WhatsApp, Facebook e Instagram: il down più lungo di sempre, ecco le cause

Tutti al buio, sebbene corrente e luce del giorno fossero presenti. Erano circa le 17:30 di ieri 4 ottobre quando l’intera rete di Facebook, che comprende anche Instagram e WhatsApp, ha smesso totalmente di funzionare in Europa e Stati Uniti.

Il tutto ha creato irrimediabilmente il panico tra gli utenti, alcuni di questi finiti in una manciata di minuti in vera e propria “astinenza da social“. Sei ore senza le tre app più utilizzate in assoluto, sei ore senza messaggi, post, stories, videochiamate e tutto ciò a cui il caro vecchio Zuckerberg ha abituato l’intera umanità negli ultimi 12 o 13 anni. Verso la mezzanotte Facebook e Instagram hanno ripreso a funzionare seppur con qualche singhiozzo, mentre per WhatsApp è stato necessario arrivare alle prime luci di questa mattina per ripristinare il servizio.

Si tratta del “down” più lungo della storia, la peggiore interruzione di servizio del colosso Facebook dal 2008 ad oggi. In assenza del Social dei Social e di WhatsApp e Instagram, a banchettare è stato Telegram, altro colosso ormai in continua crescita mediante il quale la notizia è stata diffusa e confermata. Ma la domanda che tutti si pongono è: com’è potuto accadere tutto questo? Come mai un colosso come Facebook non era preparato a un disservizio del genere?

 

Facebook va “Down” e trascina con sé Instagram e WhatsApp: ecco le cause

Secondo quanto riportato da uno dei portavoce di Facebook, l’intera rete avrebbe riscontrato grossi problemi di connessione. Il tutto, stando alle prime ipotesi, potrebbe essere dipeso da una configurazione errata dei server del noto social network. Pare addirittura che un team sia stato inviato in California per riavviare le macchine in maniera manuale.

In breve, come racconta John Graham-Cumming chief technology officer di Cloudflare, nota società che si occupa di infrastrutture del web, il problema verificatosi è stato l’equivalente del rimuovere i numeri di telefono degli utenti dai loro nomi in rubrica, rendendo dunque impossibile qualsiasi chiamata.
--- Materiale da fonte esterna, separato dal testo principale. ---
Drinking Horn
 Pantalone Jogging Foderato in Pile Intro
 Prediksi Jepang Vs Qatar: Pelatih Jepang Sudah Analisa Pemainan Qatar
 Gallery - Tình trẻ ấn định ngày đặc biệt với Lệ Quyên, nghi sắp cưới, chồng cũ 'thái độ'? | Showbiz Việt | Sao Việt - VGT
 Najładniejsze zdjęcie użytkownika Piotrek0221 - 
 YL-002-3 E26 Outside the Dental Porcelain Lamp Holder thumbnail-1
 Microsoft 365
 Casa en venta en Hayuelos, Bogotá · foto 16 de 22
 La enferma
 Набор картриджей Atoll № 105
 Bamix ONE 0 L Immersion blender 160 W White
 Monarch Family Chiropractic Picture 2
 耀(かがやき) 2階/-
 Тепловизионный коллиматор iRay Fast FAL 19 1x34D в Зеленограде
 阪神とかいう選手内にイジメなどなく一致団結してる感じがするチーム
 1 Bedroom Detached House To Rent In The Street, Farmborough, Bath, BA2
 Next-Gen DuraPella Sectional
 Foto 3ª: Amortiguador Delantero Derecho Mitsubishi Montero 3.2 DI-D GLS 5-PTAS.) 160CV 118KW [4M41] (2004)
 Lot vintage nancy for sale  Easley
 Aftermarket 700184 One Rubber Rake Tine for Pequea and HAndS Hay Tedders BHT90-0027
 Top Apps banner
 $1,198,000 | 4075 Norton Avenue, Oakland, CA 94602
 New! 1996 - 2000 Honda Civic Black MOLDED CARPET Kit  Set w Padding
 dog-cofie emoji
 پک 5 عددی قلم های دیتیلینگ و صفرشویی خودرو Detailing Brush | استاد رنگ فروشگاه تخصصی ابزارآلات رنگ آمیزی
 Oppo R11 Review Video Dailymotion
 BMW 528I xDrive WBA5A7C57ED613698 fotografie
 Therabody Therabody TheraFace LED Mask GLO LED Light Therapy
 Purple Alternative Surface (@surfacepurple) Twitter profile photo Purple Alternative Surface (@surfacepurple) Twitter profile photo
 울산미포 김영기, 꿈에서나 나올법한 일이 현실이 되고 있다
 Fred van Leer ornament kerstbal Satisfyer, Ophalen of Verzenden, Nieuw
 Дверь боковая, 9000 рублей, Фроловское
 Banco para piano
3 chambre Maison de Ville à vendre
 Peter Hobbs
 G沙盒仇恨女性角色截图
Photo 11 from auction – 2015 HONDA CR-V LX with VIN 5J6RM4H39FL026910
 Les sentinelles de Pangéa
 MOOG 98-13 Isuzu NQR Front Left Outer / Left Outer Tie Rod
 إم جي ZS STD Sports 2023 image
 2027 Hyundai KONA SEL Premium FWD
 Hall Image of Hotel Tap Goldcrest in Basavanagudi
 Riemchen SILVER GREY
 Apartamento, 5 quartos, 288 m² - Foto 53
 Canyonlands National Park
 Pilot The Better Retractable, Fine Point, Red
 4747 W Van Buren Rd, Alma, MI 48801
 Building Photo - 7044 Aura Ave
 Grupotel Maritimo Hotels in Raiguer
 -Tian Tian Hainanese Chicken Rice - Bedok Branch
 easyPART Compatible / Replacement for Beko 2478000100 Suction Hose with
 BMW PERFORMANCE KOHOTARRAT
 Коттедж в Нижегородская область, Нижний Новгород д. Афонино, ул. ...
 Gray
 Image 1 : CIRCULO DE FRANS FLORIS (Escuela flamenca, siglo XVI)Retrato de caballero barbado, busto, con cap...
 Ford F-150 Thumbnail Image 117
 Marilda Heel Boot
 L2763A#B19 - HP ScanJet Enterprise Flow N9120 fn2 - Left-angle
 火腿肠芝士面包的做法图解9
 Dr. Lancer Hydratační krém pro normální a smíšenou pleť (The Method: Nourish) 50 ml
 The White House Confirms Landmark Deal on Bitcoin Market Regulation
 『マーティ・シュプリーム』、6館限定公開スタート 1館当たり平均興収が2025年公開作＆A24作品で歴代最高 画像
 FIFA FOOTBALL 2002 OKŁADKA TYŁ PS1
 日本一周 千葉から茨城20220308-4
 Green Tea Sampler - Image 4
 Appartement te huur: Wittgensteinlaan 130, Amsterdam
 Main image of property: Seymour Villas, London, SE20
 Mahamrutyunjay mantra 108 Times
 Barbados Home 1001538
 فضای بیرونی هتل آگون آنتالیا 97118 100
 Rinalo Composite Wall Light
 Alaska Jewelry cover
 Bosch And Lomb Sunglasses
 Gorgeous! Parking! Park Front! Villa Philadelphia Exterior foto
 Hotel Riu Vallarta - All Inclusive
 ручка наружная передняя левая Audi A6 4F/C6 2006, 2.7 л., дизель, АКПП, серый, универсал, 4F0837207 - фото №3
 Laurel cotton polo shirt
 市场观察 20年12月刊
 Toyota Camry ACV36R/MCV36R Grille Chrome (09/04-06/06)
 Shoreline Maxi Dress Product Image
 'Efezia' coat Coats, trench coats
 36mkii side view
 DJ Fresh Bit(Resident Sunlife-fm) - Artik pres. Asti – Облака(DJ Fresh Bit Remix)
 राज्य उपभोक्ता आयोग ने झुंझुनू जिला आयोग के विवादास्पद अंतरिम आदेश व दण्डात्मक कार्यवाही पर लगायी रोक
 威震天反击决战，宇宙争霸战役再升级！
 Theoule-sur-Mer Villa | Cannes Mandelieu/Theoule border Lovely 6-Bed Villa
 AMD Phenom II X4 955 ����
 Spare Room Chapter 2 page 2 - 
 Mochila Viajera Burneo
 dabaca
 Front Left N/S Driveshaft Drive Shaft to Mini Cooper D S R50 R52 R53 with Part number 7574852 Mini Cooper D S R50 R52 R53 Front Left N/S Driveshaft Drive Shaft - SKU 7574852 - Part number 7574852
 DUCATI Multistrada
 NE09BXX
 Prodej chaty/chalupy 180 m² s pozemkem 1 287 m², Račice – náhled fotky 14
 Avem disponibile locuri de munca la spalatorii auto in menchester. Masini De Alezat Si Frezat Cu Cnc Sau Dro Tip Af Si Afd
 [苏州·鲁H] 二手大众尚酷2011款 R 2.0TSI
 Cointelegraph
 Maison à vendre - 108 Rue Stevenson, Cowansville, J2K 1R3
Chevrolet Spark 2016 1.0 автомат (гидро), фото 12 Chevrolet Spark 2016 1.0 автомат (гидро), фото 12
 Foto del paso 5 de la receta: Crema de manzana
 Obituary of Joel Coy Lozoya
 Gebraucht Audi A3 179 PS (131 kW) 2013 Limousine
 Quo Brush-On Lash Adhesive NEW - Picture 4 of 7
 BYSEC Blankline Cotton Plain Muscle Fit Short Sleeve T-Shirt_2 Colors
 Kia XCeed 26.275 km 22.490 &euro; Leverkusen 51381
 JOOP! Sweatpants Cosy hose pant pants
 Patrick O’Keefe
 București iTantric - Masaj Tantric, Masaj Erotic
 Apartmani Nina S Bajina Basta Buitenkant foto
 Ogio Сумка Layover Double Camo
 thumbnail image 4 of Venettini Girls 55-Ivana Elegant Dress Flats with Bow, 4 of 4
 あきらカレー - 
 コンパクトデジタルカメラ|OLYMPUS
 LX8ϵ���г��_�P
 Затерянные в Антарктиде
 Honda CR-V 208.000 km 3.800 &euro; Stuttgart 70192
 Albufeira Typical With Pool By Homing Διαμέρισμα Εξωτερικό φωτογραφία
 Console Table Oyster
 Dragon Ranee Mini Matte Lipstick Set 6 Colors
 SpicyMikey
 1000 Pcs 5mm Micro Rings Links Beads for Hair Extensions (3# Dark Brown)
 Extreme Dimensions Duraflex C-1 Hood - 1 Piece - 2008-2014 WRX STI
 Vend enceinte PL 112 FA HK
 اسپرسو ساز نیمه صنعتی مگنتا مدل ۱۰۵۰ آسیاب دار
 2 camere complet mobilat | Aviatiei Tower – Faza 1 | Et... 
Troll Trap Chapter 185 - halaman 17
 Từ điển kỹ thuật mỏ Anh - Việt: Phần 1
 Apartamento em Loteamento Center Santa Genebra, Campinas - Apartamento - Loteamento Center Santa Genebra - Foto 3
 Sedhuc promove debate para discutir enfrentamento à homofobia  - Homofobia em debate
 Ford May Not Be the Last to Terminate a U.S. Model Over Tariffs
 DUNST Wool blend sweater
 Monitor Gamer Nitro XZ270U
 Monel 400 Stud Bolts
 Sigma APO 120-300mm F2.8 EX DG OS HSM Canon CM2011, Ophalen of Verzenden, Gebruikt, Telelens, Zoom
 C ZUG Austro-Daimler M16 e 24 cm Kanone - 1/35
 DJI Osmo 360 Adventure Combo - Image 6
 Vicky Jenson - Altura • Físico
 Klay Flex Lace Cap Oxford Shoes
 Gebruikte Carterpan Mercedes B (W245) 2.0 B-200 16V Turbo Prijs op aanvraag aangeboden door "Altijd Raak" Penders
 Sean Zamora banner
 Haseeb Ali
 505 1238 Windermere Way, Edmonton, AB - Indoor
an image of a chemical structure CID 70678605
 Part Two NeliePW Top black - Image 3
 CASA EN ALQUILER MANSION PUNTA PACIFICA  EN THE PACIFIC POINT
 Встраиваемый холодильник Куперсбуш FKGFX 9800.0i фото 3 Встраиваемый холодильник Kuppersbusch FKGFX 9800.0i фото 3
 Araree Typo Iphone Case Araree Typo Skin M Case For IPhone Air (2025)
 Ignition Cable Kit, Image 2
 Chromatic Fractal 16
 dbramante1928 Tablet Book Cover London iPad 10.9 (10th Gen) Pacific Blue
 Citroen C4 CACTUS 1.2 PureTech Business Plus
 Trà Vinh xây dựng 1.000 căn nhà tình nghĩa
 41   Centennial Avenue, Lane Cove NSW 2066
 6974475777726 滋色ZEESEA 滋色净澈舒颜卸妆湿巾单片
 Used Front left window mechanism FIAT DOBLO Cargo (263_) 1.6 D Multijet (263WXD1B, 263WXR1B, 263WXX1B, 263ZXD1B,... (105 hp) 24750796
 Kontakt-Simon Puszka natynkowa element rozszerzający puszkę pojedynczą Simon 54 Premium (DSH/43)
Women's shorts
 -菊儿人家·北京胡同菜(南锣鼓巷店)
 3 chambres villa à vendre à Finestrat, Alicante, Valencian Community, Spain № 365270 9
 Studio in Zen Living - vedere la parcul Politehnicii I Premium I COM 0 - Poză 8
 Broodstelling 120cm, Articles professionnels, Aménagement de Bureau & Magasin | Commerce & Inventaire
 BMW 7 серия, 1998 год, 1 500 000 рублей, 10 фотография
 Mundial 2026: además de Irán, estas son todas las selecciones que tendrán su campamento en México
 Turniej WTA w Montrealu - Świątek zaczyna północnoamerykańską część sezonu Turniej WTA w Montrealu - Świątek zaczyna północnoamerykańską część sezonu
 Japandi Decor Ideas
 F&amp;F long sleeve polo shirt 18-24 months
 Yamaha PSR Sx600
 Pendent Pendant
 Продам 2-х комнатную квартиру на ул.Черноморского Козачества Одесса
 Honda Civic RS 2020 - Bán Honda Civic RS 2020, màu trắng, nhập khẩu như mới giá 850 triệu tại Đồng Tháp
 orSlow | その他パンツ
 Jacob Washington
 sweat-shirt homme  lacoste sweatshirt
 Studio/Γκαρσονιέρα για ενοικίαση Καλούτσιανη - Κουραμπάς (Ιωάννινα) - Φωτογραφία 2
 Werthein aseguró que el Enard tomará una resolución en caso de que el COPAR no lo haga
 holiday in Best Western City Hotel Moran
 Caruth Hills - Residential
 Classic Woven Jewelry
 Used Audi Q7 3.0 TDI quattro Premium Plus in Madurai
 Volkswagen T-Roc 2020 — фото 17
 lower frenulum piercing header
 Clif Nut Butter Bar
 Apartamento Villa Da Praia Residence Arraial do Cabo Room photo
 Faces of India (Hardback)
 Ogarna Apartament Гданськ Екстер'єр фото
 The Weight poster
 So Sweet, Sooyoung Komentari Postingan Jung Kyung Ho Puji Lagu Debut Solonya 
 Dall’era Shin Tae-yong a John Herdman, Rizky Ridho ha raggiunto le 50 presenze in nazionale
Queste le parole del CTO di Facebook, Mike Schroepfer:

Porgiamo le nostre più sincere scuse a tutte le persone che sono state interessate dall’interruzione dei servizi di Facebook in corso. Stiamo riscontrando problemi di rete e i nostri team stanno lavorando il più velocemente possibile per eseguire il debug e ripristinare il più velocemente possibile il servizio”.

Ora sembra essere tornato tutto alla normalità, ma qualche strascico potrebbe ancora presentarsi lungo questa giornata.